A team of Saudi hackers are behind the incident

Feb 5, 2016 16:45 GMT  ·  By

The online forums of the DayZ gaming community were compromised around January 23 by a group of Saudi Arabian hackers known as OurMine.

DayZ is an open-world survival video game and the stand-alone version of the award-winning ARMA II mod of the same name. The game, developed by Bohemia Interactive, is quite popular even if it's still in an alpha stage.

According to a screenshot on their Tumblr account, on January 23, the Our Mine hacking crew managed to penetrate the official forums of the DayZ community, stealing details about over 200,000 usernames.

OurMine defaced the forums' frontend

The hackers didn't operate in the shadows and left a visible topic on the forum's main page. On the same date, the DayZ development team took to Twitter, warning of a possible data breach.

"Survivors, We've experience an outside security breach of our forums. We suggest playing it safe and changing your password just in case," the DayZ team tweeted out.

As an investigation was started to see what went wrong, the forums' admins found signs that data has been stolen from their database. Yesterday, the DayZ staff sent a message to all forum users, confirming the incident and asking users to change their forum passwords and those for other accounts where users utilized the same username and password combo.

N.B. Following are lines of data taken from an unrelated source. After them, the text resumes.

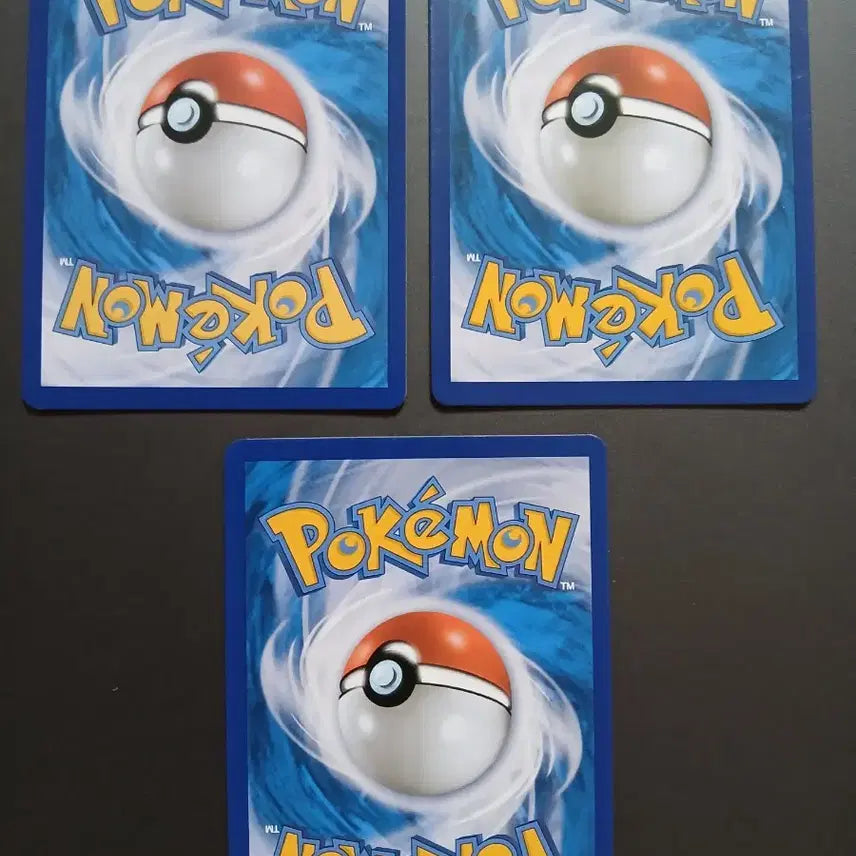[BUNJANG] Pokemon Card Sleeves Bundle Set (3 Pieces) / 포켓몬 카드 슬리프 슬리퍼 3장 세트 일괄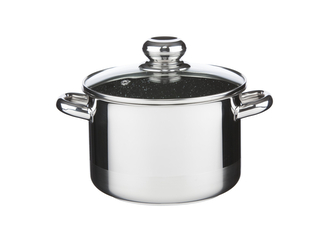 KOLIMAX CERAMMAX PRO STANDARD hrnec s poklicí 18cm 3,0l, granit černá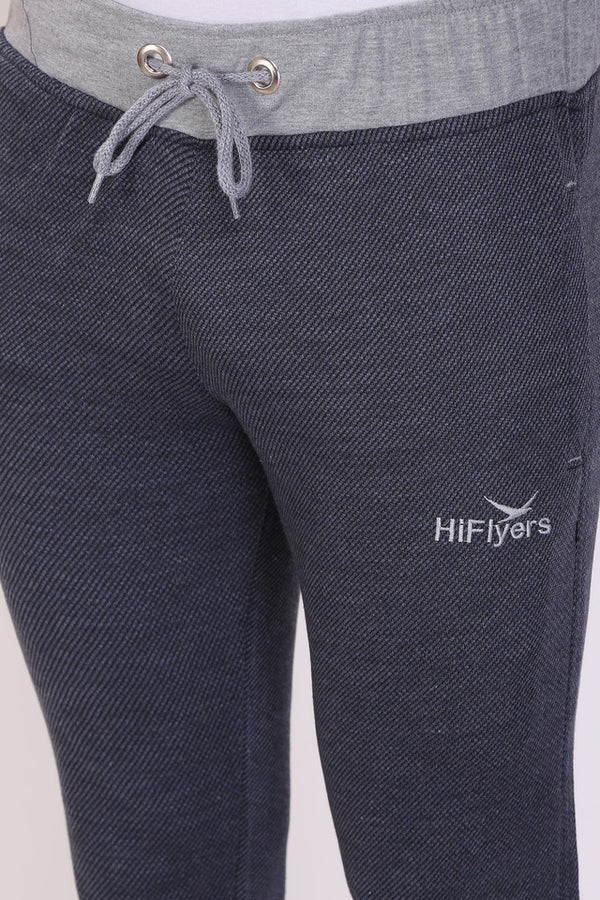 Men Slimfit AnthraTrack Pants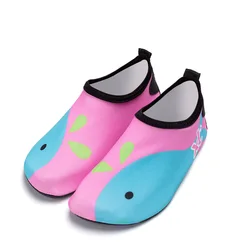 EVERTOP New arrival cartoon cute water sock shoes baby sock shoes water shoes barefoot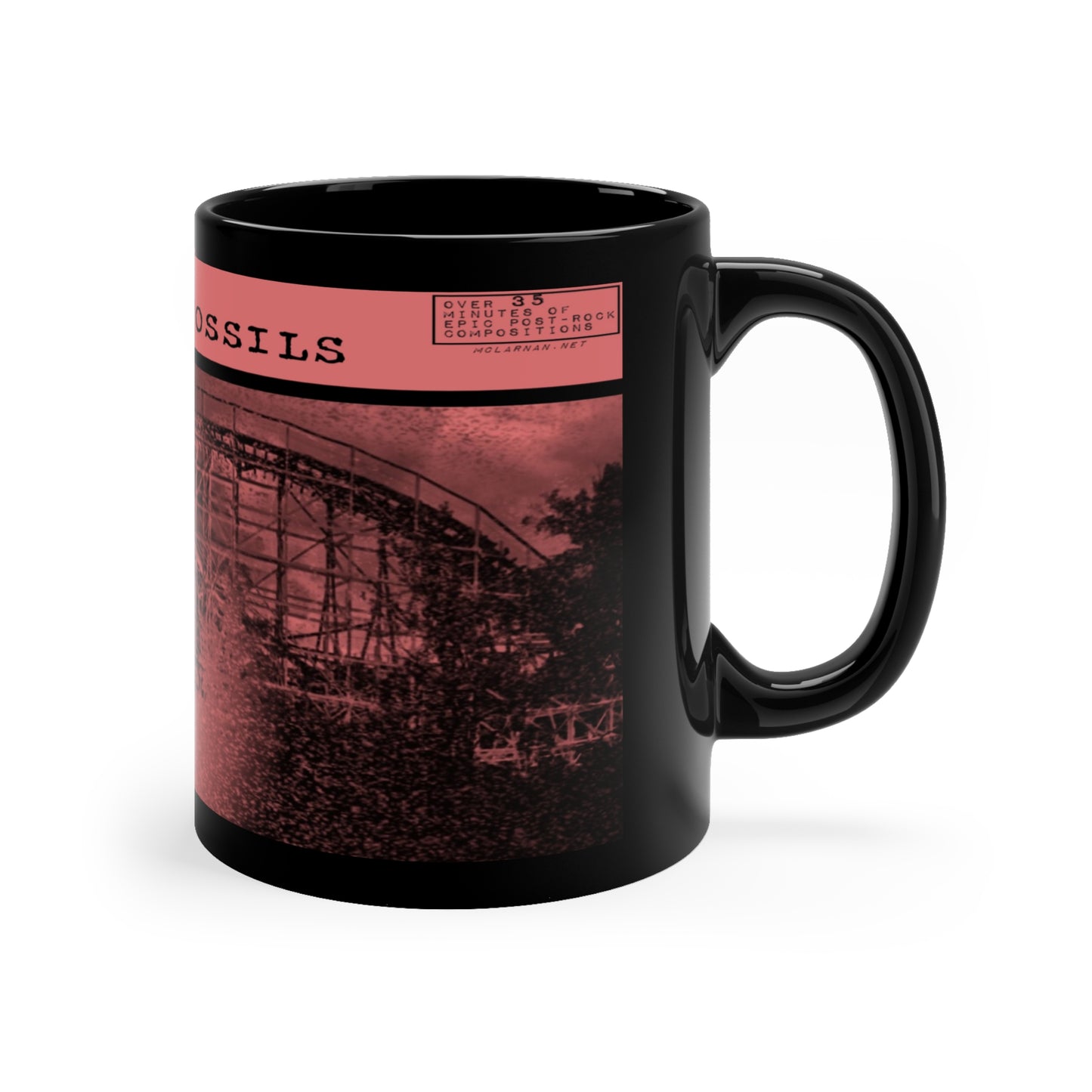 FUTURE FOSSILS MUG 11oz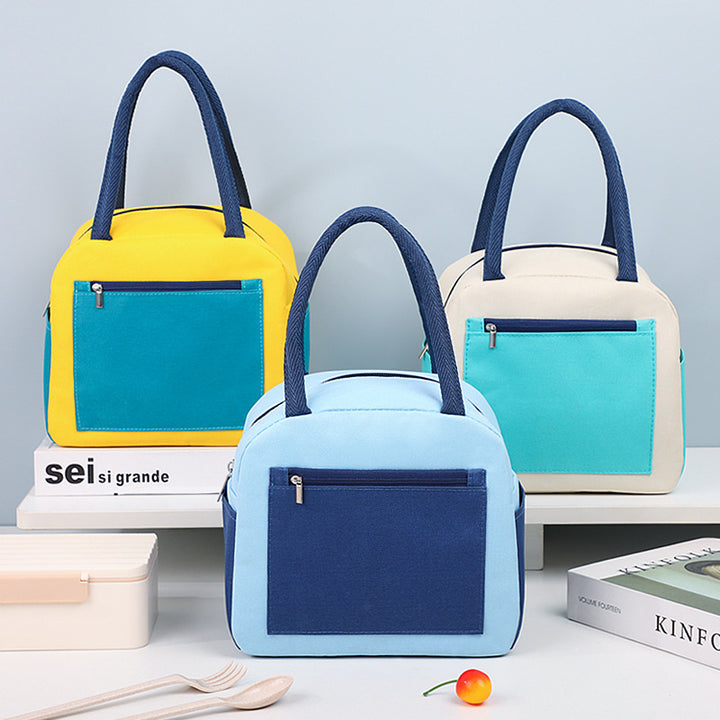 Isolierte Lebensmitteltrage Tasche Karnz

Usernames, emails, and passwords stolen

The development team said that hackers stole only usernames, emails, and hashed passwords. Additionally, the team also announced they would start work on replacing their forums' built-in login system with their own authentication system, considered more secure and also used for other Bohemia Interactive services.

The DayZ forums were using the IPBoard bulletin board software. According to discussions on the IPBoard official forums, DayZ admins were seriously lagging behind, running a very old version of the forum software, (3.4.8 or 3.4.9). The 4.x branch is the current IPBoard version considered to be stable and secure.

As for the hackers, we wrote about the OurMine team last July, when the crew started moving up in the hacking community, graduating from social media and gaming accounts to launching DDoS attacks against financial institutions.